In: Economics
QUESTION 1
If price is cut and demand is inelastic, then
1. total revenue will rise.
2. quantity demanded will fall
3. total revenue will fall.
4. total revenue will not change.
QUESTION 2
The presence of substitute goods will tend to make demand more
1. inelastic.
2. vertical.
3. elastic.
4. unit elastic.
QUESTION 3
Brand name products tend to have demand curves that are relatively more inelastic because
1. brand name products tend to have more substitutes.
2. brand names are not valued.
3. brand name products tend to have fewer substitutes.

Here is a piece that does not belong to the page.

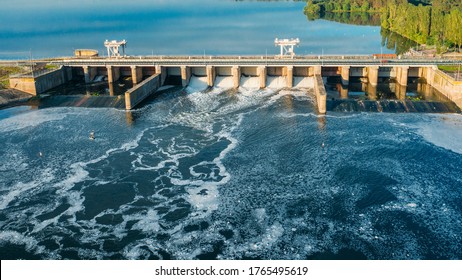 Dam Flowing Water Through Gates Hydroelectric Stock Photo 1765495619 ...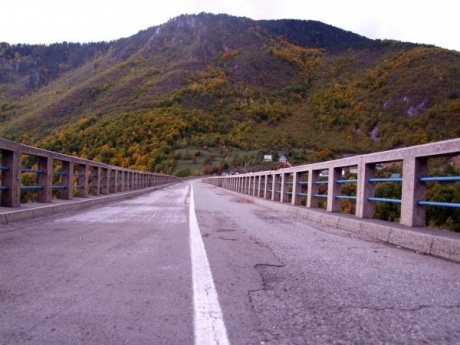 Дорогами Северной Черногории, мост Джурджевича и Чёрное Озеро.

4. consumers are very sensitive to the prices of brand names.
QUESTION 4
A manager can determine if her product is viewed as a normal good or an inferior good by considering
1. income elasticity.
2. cross elasticity.
3. price elasticity.
4. advertising elasticity.
QUESTION 5
A luxury good has
1. a very high income elasticity.
2. a cross elasticity of one.
3. a negative price elasticity.
4. a negative income elasticity.
QUESTION 6
Knowing demand is equivalent to knowing the
1. average investor.
2. customer.
3. employee.
4. economic profit.
Answer 1. Option 3 is correct. Total revenue will fall because in case of inelastic demand the rise or fall in proce is much greater than the fall or or rise in demand respectively. So if proce was $10 and decreased to 5 and demand was 10 units and increased to 12 thus the total revenue drecreased from 100 to 60.
Answer 2. Option 3 is correct. Due to availabilities of substitute the demand is elastic as even a small change in price of one good will lead to the customers changing to their preference to the other substitute available.
Answer 3. Option 3 is correct as beanded products have less susbstitutes making their demand inelastic. Thus the percentage change change in price will always be greater than the percentage change in demand.
Answer 4. Option 1 is correct. As a rise in incom will lead to more purchase of normal goods and no purchase of inferior and a drop in income will lead to purchase of inferior goods.